Las cifras estremecen. Suiza ostenta el triste récord proporcional: una de cada 250 personas fue ejecutada por brujería. Alemania encabeza los números absolutos con unas 25.000 muertes, seguida por la Mancomunidad Polaco-Lituana con cerca de 10.000. El total europeo, según estimaciones modernas, podría rondar las 100.000 víctimas. El 80% fueron mujeres, aunque también hubo hombres, niños y hasta ancianos acusados de pactar con el demonio.
El mecanismo jurídico era perverso: la brujería fue declarada “delito excepcional” en 1486, lo que significaba que no aplicaban las garantías procesales comunes.

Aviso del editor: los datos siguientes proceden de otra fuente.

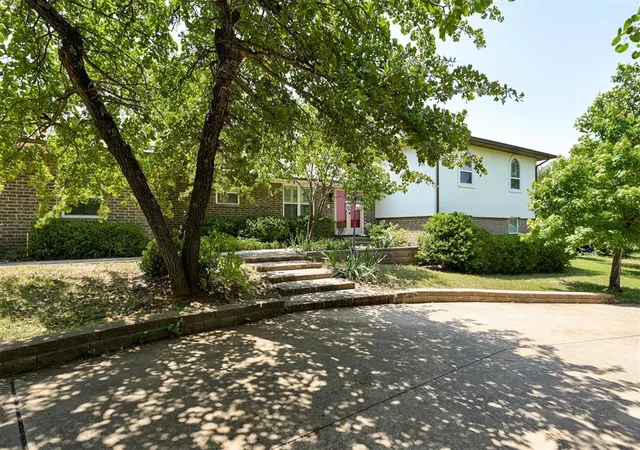 Photo 2 of Sale Pending at 2400 Old Farm Rd, Edmond, OK 73013 | MLS# 1230155 | Listing updated on 2026-08-16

La sospecha bastaba para arrestar. La confesión, obtenida tras tormentos inimaginables, valía como prueba irrefutable. “Cualquier castigo es insuficiente contra las brujas”, proclamaban juristas como Jean Bodin, convencidos de que hervir a una persona en azufre era un acto de piedad.

En ese clima, la incipiente ciencia quedó relegada. Mientras Galileo apuntaba su telescopio a los astros y Newton sentaba las bases de la física moderna, buena parte de la élite intelectual prefería cazar brujas antes que cuestionar dogmas. La Edad de la Razón estaba naciendo, pero en paralelo, la sinrazón ardía en las hogueras de toda Europa.
El drama de las víctimas no era solo físico. La tortura psicológica los obligaba a inventar relatos delirantes para complacer a sus verdugos. “Jamás he volado a un aquelarre —decían algunos—, pero si vuelven a torturarme, confesaré lo que quieran”. Esas palabras revelan la esencia del terror: cuando el dolor manda, la verdad deja de importar.
Hoy, la cacería de brujas se recuerda como uno de los capítulos más oscuros de la historia. No porque revelara la existencia de fuerzas sobrenaturales, sino porque mostró hasta dónde puede llegar la crueldad humana cuando la fe se convierte en excusa para el poder. Fue, en definitiva, el tiempo en que la razón misma se sentó en el banquillo.